The genomic DNA of each individual was used to PCR amplify the COI region of mitochondrial DNA to detect the population - specific SCAR maker. Primer production was used to download genetic information of available species in GenBank. These gene information were constructed based on sequence information of highly conserved regions after performing multiple sequence alignment using ClustalW of BioEdit 7.0.1. The primer base sequences used in the present invention are shown in Table 1.

PCR was carried out by adding 2 μl of a genomic DNA of 100 ng and 1 μl of each primer to 20 μl of AccuPower PCR Premix Kit (Bioneer, Korea), followed by initial thermal denaturation at 94 ° C for 4 minutes, followed by 94 Circulation was repeated 40 times at 30 ° C for 30 seconds, at 50 ° C for 30 seconds, and at 72 ° C for 1 minute. After a final extension at 72 ° C for 7 minutes, the success of the PCR reaction was confirmed by electrophoresis on 1.5% agarose gel stained with GelRed (Invitrogen, USA).

 Primer for PCR amplification Name of the primer The primer sequence (5'-3 ') Primer length COI F3 SEQ ID NO: 1: GATCCTRCAAAYTCYTAGTTAACAGCTA 28 COI R3 SEQ ID NO: 2: TGRAATCCTARTTGHGWGGG 20

(2) Comparison of nucleotide sequence analysis by direct sequencing

PCR products were purified using the AccuPrep PCR Purification Kit (Bioneer), and sequenced using an automated sequencer (ABI 3700; Perkin Elmer). And analyzed.

[ Example  3: Through the mitochondrial region Prickly  Group specific DNA  Zone verification and primer  making]

As a result of PCR, amplification of all 1551bp of COI region was developed, and we developed coupe group markers CFM and CRM from the highly conserved nucleotide sequence of the amplified COl region, and 126bp, 129bp, 177bp, 234bp, 261bp, 264bp, 285bp, 291bp, 318bp, 393bp, 399bp, 408bp, 441bp, 543bp, 588bp, 603bp, 663bp, 741bp, 765bp, 786bp, 795bp, 807bp, 816bp, 861bp, 882bp, 885bp, 888bp, 900bp, 954bp, 990bp 1020bp, 1041bp, 1077bp, 1125bp, 1158bp, 1195bp, 1244bp, and 1374bp bases were found, and the present inventors developed 885bp, 888bp, and 900bp regions of the Geum coupe population-specific marker GRM using the COI region determined to be the haplotype of the Geum copper population. (See FIG. 3).

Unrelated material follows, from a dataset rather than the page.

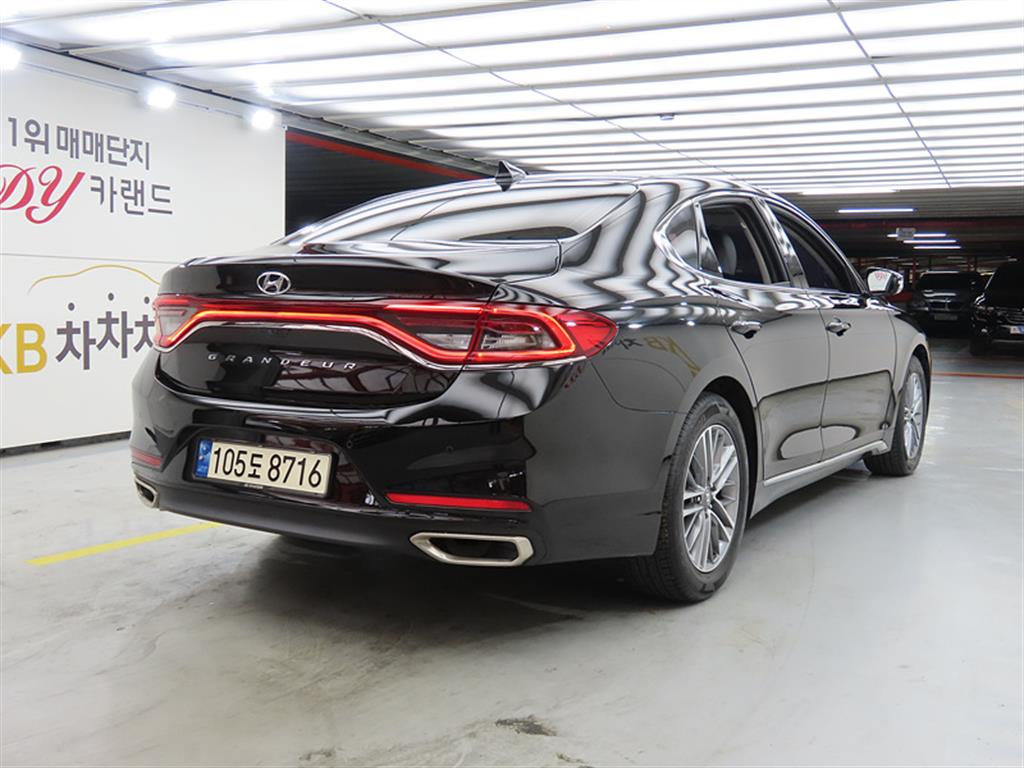 HYUNDAI Grandeur - Vista 4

The nucleotide sequences of the collective identification SCAR marker primers used in the present invention are shown in Table 2, and Multiplex PCR was performed on the SCAR markers of the convalescent group.

PCR reaction of conidial-group identification SCAR marker was carried out by adding 1 μl of genomic DNA of 100 ng DNA, 20 μl volume of AccuPower Hotstart PCR Premix Kit (Bioneer, Korea), 2 μl of 10 pmole CFM primer, 1.5 μl of CRM primer and 0.3 μl of GRM primer , An initial thermal denaturation reaction was carried out at 94 ° C for 4 minutes, and then a circulation reaction was performed at 94 ° C for 30 seconds, 56 ° C for 30 seconds and 72 ° C for 1 minute for 35 times. After a final extension at 72 ° C for 7 minutes, the success of the PCR reaction was confirmed by electrophoresis on 2.0% agarose gel stained with GelRed (Invitrogen, USA).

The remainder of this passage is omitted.